__Task requirements__
Could you output every record below exactly, leaving out the pictures?

__Materials provided__
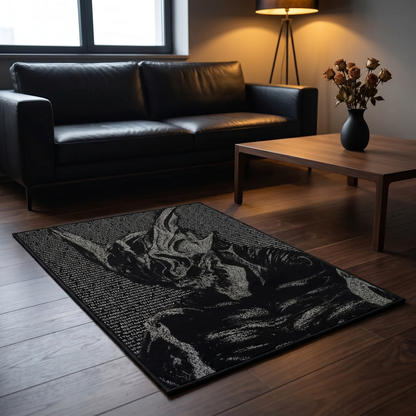 The Summoning Rug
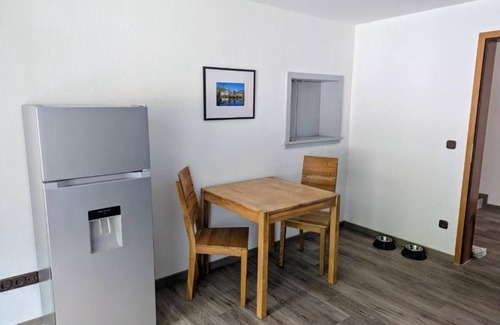 Bad Lauterberg Apartment | Harzflair am Hausberg - Harzflair am Hausberg - Holiday apartment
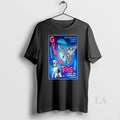 Original Guerilla Toss Phoenix Az October 4 2025 - Adult & Kids T-Shirts, Sweatshirts & Hoodies apparel design preview 1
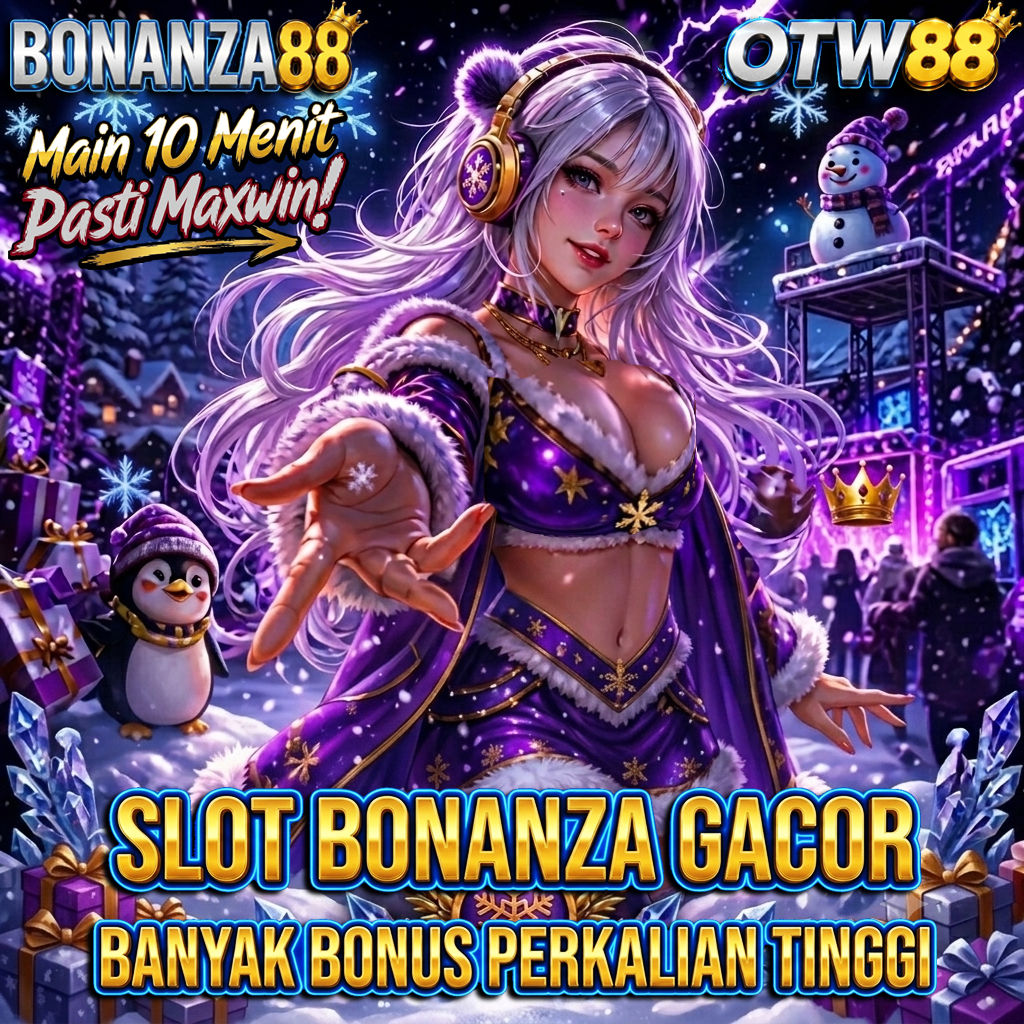BONANZA88 : Review Platform Slot Sweet Bonanza Game Pragmatic Terbaru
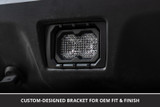 Diode Dynamics 12-17 Subaru Crosstrek / Impreza C2R 4th Brake Light Kit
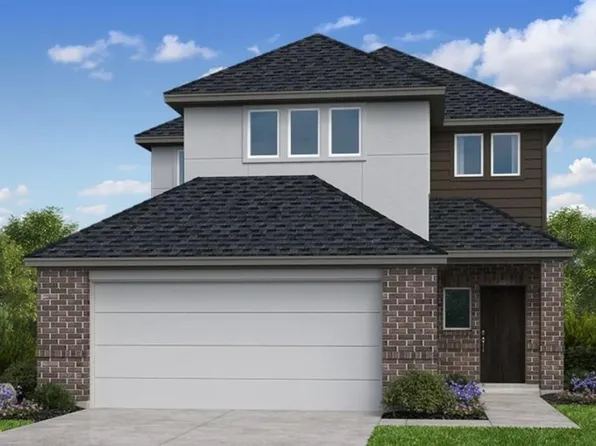 9227 Willowbank Gap Ln, Cypress, TX 77433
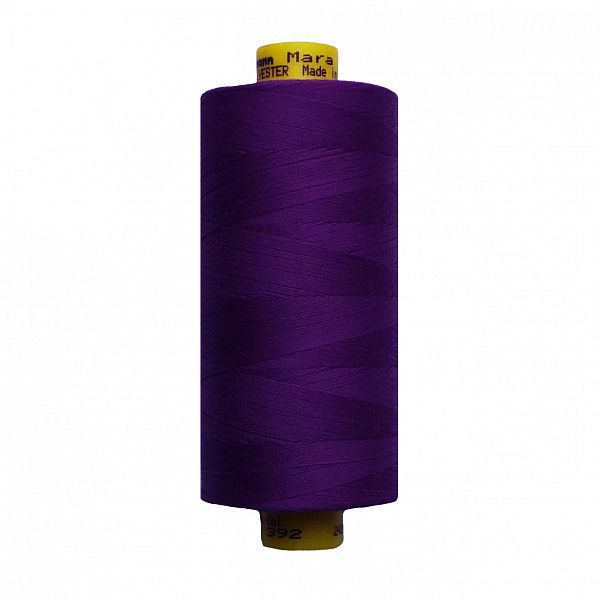 GUTERMANN Mara №120 392 Яркий лиловый, фиолетовый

__Task output__
 The Summoning Rug
 Bad Lauterberg Apartment | Harzflair am Hausberg - Harzflair am Hausberg - Holiday apartment
 Original Guerilla Toss Phoenix Az October 4 2025 - Adult & Kids T-Shirts, Sweatshirts & Hoodies apparel design preview 1
BONANZA88 : Review Platform Slot Sweet Bonanza Game Pragmatic Terbaru
 Diode Dynamics 12-17 Subaru Crosstrek / Impreza C2R 4th Brake Light Kit
 9227 Willowbank Gap Ln, Cypress, TX 77433
 GUTERMANN Mara №120 392 Яркий лиловый, фиолетовый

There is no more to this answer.